E mesmo que não pareça tão sutil trabalhar parte do terceiro ato durante um baile de máscaras, este é perfeitamente justificado, já que gera o estopim dos pontos crucias do filme e materializam-se em tela os verdadeiros conceitos por trás desses. Acredito que o roteiro peca ao trabalhar tão rapidamente com a “ascensão” do personagem como o grande empresário, fato que foi caracterizado como o ‘grande golpe’ do mesmo. Contudo, a forma como a história evolui do plot de um “vigarista” para contar a história de alguém que não apenas acredita na personagem que incorpora, mas que nos faz acreditar nessa, é o grande acerto do filme.
Novamente as grandes sacadas da película aparecem discretamente, como a referência à enigmática mulher promíscua que permanece – textualmente – um mistério, ou dos planos finais do salão de beleza da mãe do protagonista, que sempre foi apegada à imagem das personalidades famosas e que ao final põe as fotos do seu filho junto àquelas figuras públicas, talvez até se orgulhando dele, mesmo estando ciente do que aquela fama temporária significou.

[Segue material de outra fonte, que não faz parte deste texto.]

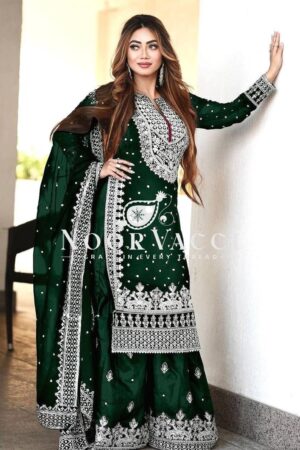 Buy Faux Georgette Embroidered Gharara Set with Dupatta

Outro ponto espetacular do filme é a direção de Toniko Melo. Desde tomadas aéreas bem realizadas a uma exploração precisa de seu elenco , Toniko faz bom proveito da história que tem em mãos. A forma com que ele trabalha a relação protagonista com sua mãe merece destaque. Em determinada cena, em um encontro entre ambos, Toniko consegue transpor a distância que permeia os dois, mesmo quando estão fisicamente juntos. Ele trabalha com o foco e com os elementos de cena de maneira interessante, que por sua vez compactuam com uma fotografia fria e uma bela trilha sonora; trilha essa que é, por sinal, outro grande destaque.
A montagem tem papel fundamental no ritmo ágil do longa. Temos um trabalho excelente explicitado em uma passagem em que o protagonista inventa uma história mirabolante para contar aos policiais, ou onde Sandra, personagem da Arieta Corrêa, pergunta ao protagonista quem ele é, e em uma repulsão à sua verdadeira identidade (à lá Teddy Daniels de “Ilha do Medo”, de Martin Scorsese), somos apresentados a alguns inserções de recortes de cenas anteriores que representam o estado mental confuso do protagonista, que por ora questiona qual sua atual ou real personalidade.
O longa toma grandes proporções qualitativas quando trabalha em cima de um personagem que não encontra sua plenitude em ser somente um, mas teima em se reinventar, o que, no fundo, apenas maximiza em tela a verdadeira essência de todo ser. Notem que não citei em momento algum o nome do personagem de Wagner – que é tido como: Marcelo, Carrera, Denis, Constantino e Bizarro -, pois acho importante respeitar essa margem de interpretação que o próprio filme oferece.
Ganhador de quatro prêmios no Festival do Rio, “VIP’s” é um filme que se apresenta leve em sua maior parte, mas tem um conteúdo bastante complexo e relevante. De grande qualidade estética, passando por um bom roteiro e um elenco de vastas qualidades, esse é um dos longas responsáveis por talvez uma das fases mais importantes do cinema brasileiro, que é aquela que universaliza seus conceitos e propostas – sem se ater somente ao restrito âmbito regional -, e que, principalmente, se leva a sério.